Sony halves profit forecast on yen, electronics
Written on October 23, 2008
Sony Corp (6758.T: Quote, Profile, Research, Stock Buzz) slashed its annual operating profit forecast by 57 percent to far below market expectations, citing a firmer yen and tough price competition in the flat TV and digital camera markets.
The electronics and entertainment conglomerate generates more than three-quarters of its revenue overseas, and the recent surge in the yen against both the euro and the dollar has been slicing into its profits.
But the currency is not the only problem. Sony also warned that the global economic slowdown and fierce price competition would hit profitability on its Bravia LCD TVs, Cyber-shot digital cameras and handheld video cameras.
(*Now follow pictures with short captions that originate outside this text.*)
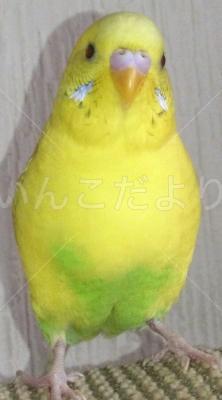 迷い鳥の写真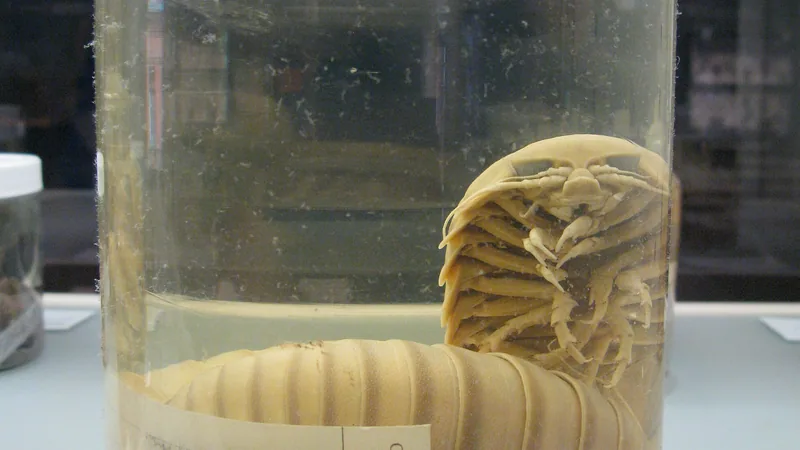 Giant Isopod in natural habitat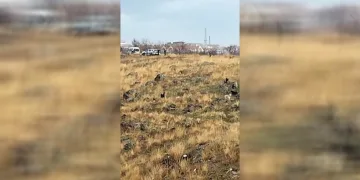 Okula giden çocuğa sokak köpekleri saldırdı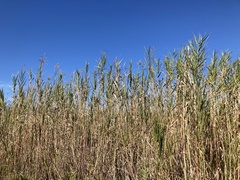 Phragmites australis berlandieri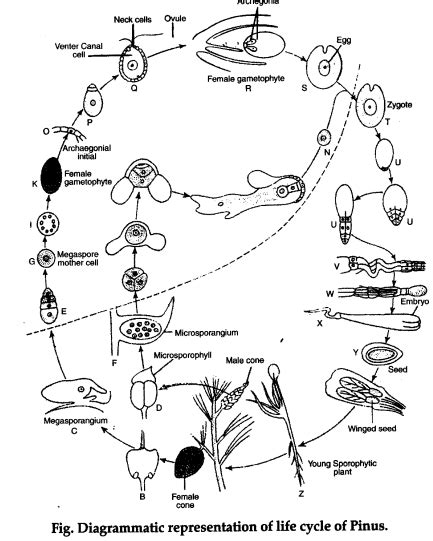 Explain the life cycle of Pine - CBSE Class 11 Biology - Learn CBSE Forum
Analysts and investors were already talking about the chances of another revision later this year given that Sony’s revised euro/yen rate of 140 yen for the October-March second half is still far from the current level of around 125 yen cash advance now.
Sony acknowledged that its operating profit would fall another 80-90 billion yen if current rates were applied.
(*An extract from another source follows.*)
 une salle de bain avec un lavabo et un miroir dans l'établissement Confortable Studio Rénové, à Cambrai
“I’m a bit concerned about their new assumptions. There’s a chance they may have to cut their outlook again,” said Mitsushige Akino, chief fund manager at Ichiyoshi Investment Management.
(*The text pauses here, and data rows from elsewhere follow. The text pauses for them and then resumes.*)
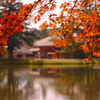 秋色の浄土庭園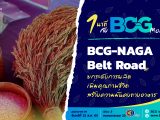 1 นาที กับ BCG Model ตอน BCG-NAGA Belt Road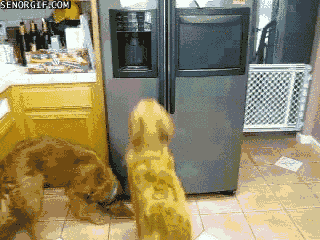 Acid Gifdump (16 gifs)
Sony cut its operating profit forecast for the year to next March to 200 billion yen ($2 billion) from 470 billion yen. The new target is well short of the market consensus of 381.8 billion yen in a poll of 20 analysts by Reuters Estimates.
On a net basis, Sony lowered its full-year forecast by 38 percent to 150 billion yen, and trimmed its sales outlook by 2 percent to 9 trillion yen.